Penguatan indeks sebesar 87,69 poin tersebut terjadi saat pasar saham dalam negeri memasuki periode penting penataan ulang indeks global, sebagaimana dilansir dari Investor Daily.
Meskipun performa indeks bergerak positif, aksi jual oleh pemodal internasional tetap membayangkan perdagangan dengan catatan jual bersih atau net sell asing mencapai Rp 1,64 triliun.
Pelepasan aset terkonsentrasi pada dua emiten besar, yakni saham PT Chandra Asri Pacific Tbk (TPIA) dengan nilai net sell Rp 948 miliar dan PT Bank Central Asia Tbk (BBCA) sebesar Rp 594 miliar.
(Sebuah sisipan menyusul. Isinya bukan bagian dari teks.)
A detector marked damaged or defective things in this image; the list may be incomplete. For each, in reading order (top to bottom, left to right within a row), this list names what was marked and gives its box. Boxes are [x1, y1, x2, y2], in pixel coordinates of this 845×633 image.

Penataan portofolio oleh pengelola dana pasif diperkirakan mencapai puncaknya pada akhir pekan ini, meskipun pergerakan pasar menunjukkan reposisi telah dilakukan sejak pengumuman resmi pada pertengahan Mei.
Fluktuasi yang membayangkan emiten terdepak dari indeks acuan dinilai tidak memicu kepanikan massal karena lebih disebabkan oleh faktor teknis metodologi pembobotan dan likuiditas.
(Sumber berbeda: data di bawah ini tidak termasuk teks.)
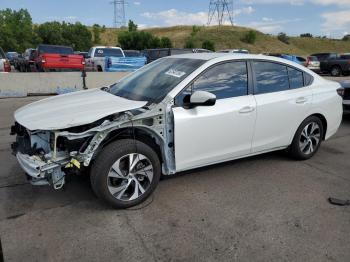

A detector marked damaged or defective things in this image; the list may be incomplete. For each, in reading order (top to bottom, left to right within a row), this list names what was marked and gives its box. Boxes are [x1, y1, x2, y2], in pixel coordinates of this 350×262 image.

crumpled hood [14, 88, 146, 130]
damaged front end [10, 101, 175, 189]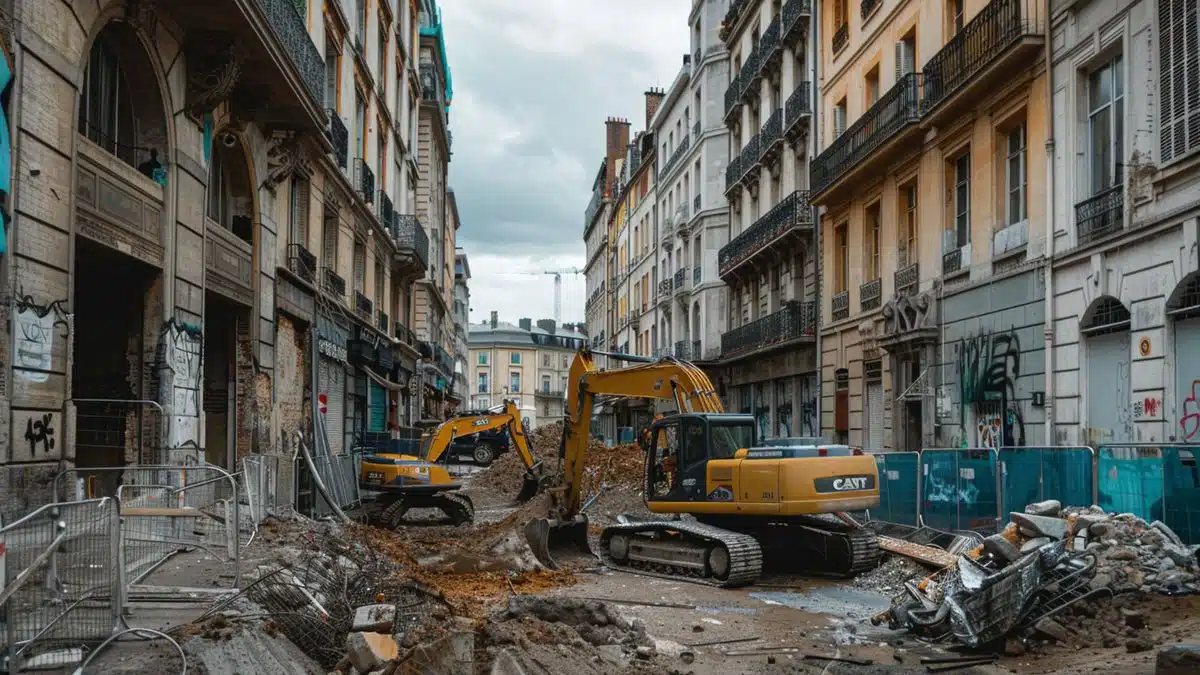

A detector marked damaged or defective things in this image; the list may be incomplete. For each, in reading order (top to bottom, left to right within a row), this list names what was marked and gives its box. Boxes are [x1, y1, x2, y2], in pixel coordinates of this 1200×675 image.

broken concrete slab [1012, 511, 1070, 538]
broken concrete slab [350, 605, 398, 629]
broken concrete slab [345, 629, 400, 667]
broken concrete slab [1152, 638, 1200, 672]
"Penghapusan emiten dari indeks MSCI bukan mencerminkan penurunan fundamental. Banyak perusahaan yang dikeluarkan justru punya kinerja kuat, prospek baik, dan valuasi yang saat ini semakin menarik," ujar Co-Founder PasarDana sekaligus praktisi pasar modal, Hans Kwee.
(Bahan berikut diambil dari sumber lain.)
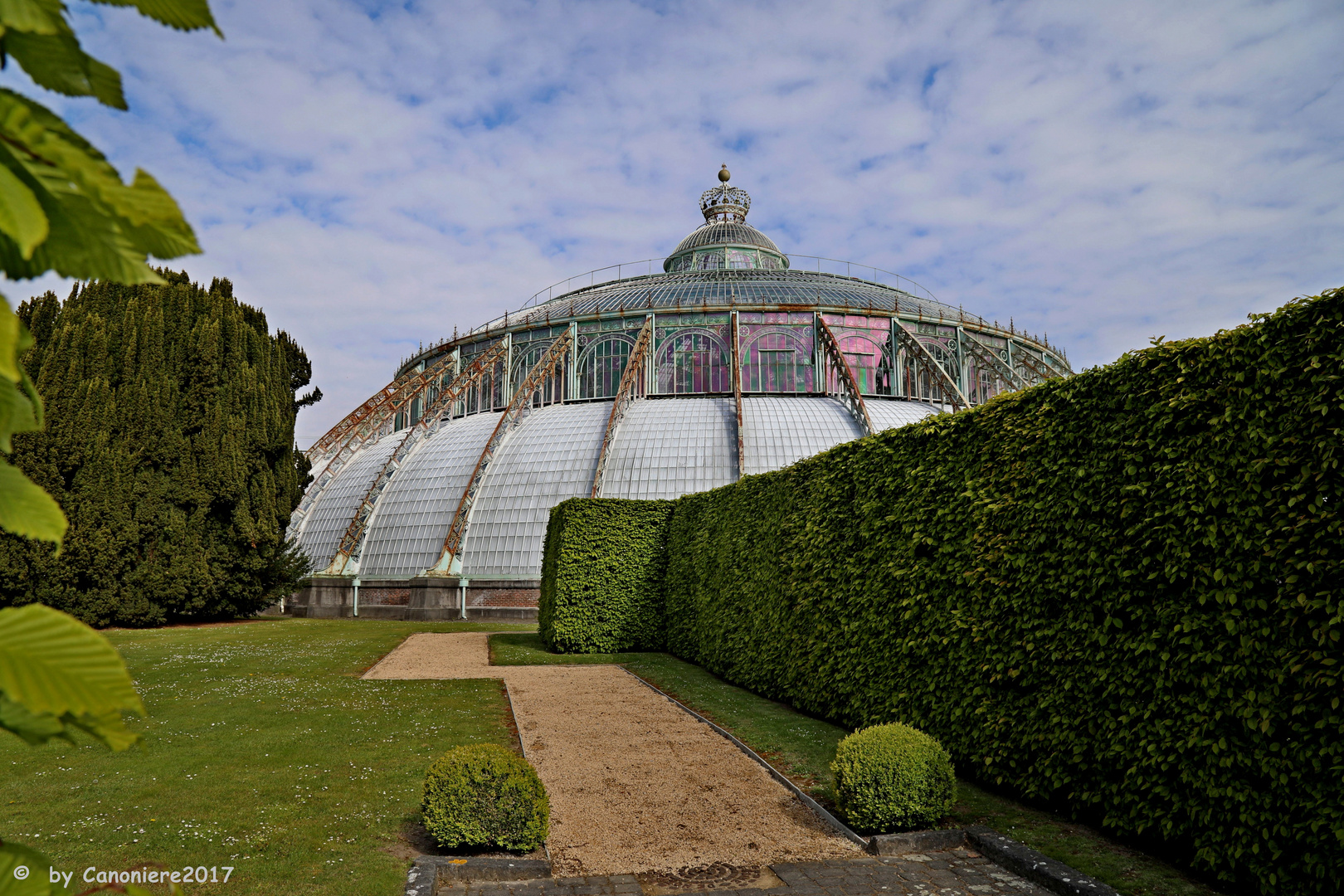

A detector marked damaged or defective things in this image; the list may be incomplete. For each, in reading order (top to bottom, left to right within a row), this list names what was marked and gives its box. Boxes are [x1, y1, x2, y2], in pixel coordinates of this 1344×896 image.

rusty metal framework [317, 339, 505, 577]
rusty metal framework [427, 329, 575, 575]
rusty metal framework [591, 315, 653, 497]
rusty metal framework [731, 311, 752, 472]
rusty metal framework [811, 318, 876, 437]
rusty metal framework [892, 324, 967, 411]
rusty metal framework [962, 333, 1021, 392]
Penurunan harga saham akibat tekanan teknis dinilai dapat menjadi titik terendah bagi pergerakan indeks sebelum kembali menguat mengikuti pertumbuhan kinerja emiten secara agregat.
"Pasca rebalancing, IHSG punya peluang besar kembali bangkit. Banyak saham berfundamental kuat yang sudah turun terlalu dalam karena tekanan teknikal, bukan karena penurunan kinerja," jelas Hans Kwee.
Proses pemulihan indeks diperkirakan mulai berjalan terukur pada awal Juni 2026, didukung oleh langkah reformasi pasar modal oleh Otoritas Jasa Keuangan bersama Self-Regulatory Organization.
Langkah perbaikan mencakup peningkatan transparansi serta tata kelola ekosistem pasar yang diproyeksikan menarik akumulasi beli investor pada saham unggulan di sektor keuangan, konsumsi, telekomunikasi, energi, dan tambang.